Within this vision, sustainability cannot be an add-on chapter. 
“I hate to say that sustainability is a trend — it cannot be a trend. It’s the core,” she says, bringing it back to a structural condition rather than a label. It is a conviction that links biography and knowledge: “Maybe it’s because I grew up in Beirut and was sensitive to nature… we are microbes, we are nature. We need nature to survive — it’s not that the Earth needs us.” For this reason, vernacular architecture remains an operational reference: “If you look at traditional stone houses in Lebanon — the measured windows, the thick walls — in a Mediterranean climate you directly create comfort through natural materials and common-sense ways of building.” More than nostalgia, it is a grammar of relationships between climate, resources and comfort.

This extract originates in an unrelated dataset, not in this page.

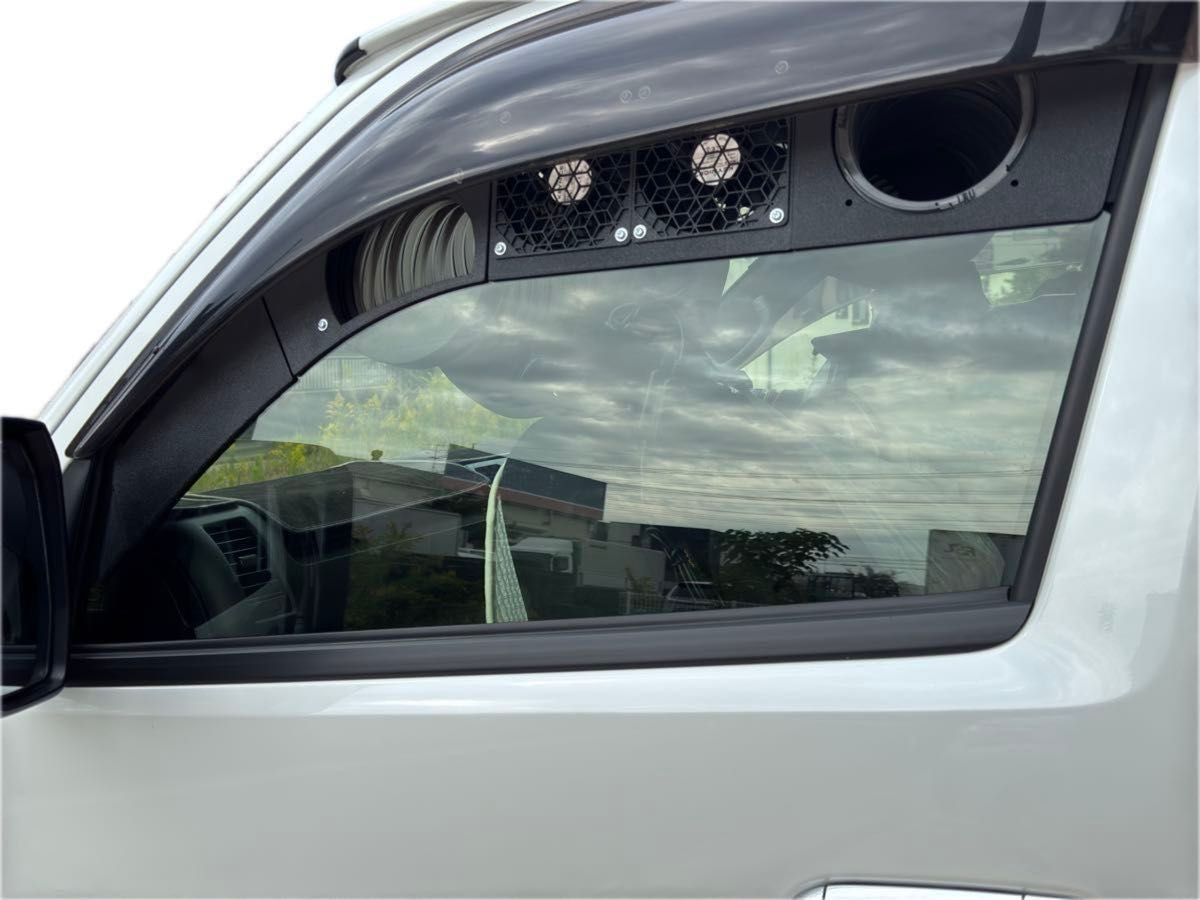 ハイエース200 換気用パネル排気ダクトECOFLOW wave2用 冬車中泊の換気 ハイエース200 換気用パネル排気ダクトECOFLOW wave2用 冬車中泊の換気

I hate to say that sustainability is a trend — it cannot be a trend. It’s the core.

Lina Ghotmeh

If sustainability is central, technology — including artificial intelligence — can be useful only as a tool consistent with that core. Ghotmeh sees it as support for reading contexts and bioclimatic simulations, but rejects the idea of replacing design as a cultural practice: “I don’t believe it can replace us as humans. The process of architecture is not mechanical… the discussions and even the fights are part of the process. That’s what makes what we do deeply human.”

Lina Ghotmeh Architecture, Jadid's Legacy Museum, Bukhara, Uzbekistan. Image © Lina Ghotmeh Architecture. Courtesy Uzbekistan Art and Culture Development Foundation.

Technology, therefore, not as a formal shortcut but as a means to manage complexity and reduce waste without erasing the collective dimension of the work. Here the theme of inclusion naturally returns — not as a slogan, but as a quality of the construction process. “A good detail is about understanding the materials you are building with and how things come together… sometimes you have to go behind the drawing — go to the industries, see the craftspeople, and learn from their knowledge.” In the projects she mentions — from the Beirut tower to the Bahrain Pavilion at Expo Osaka — material becomes a vehicle of relationships: “Using unengineered wood allowed us to involve craftspeople in Japan… the whole process of making became a process of pride. It was so much a human venture — suddenly, even if you don’t speak the language, architecture makes you speak the same language.” Within this framework, the detail is not merely a technical point but a place where skills, economies and identities converge.

Looking at younger generations, Ghotmeh insists on one thing above all: do not give in to cynicism. “As an architect you should continue to dream… Architecture is about people first.” Continuing to dream, she concludes, is not about removing difficulties but about remaining within complexity without reducing it: holding together responsibility, imagination and a design practice understood as a shared act.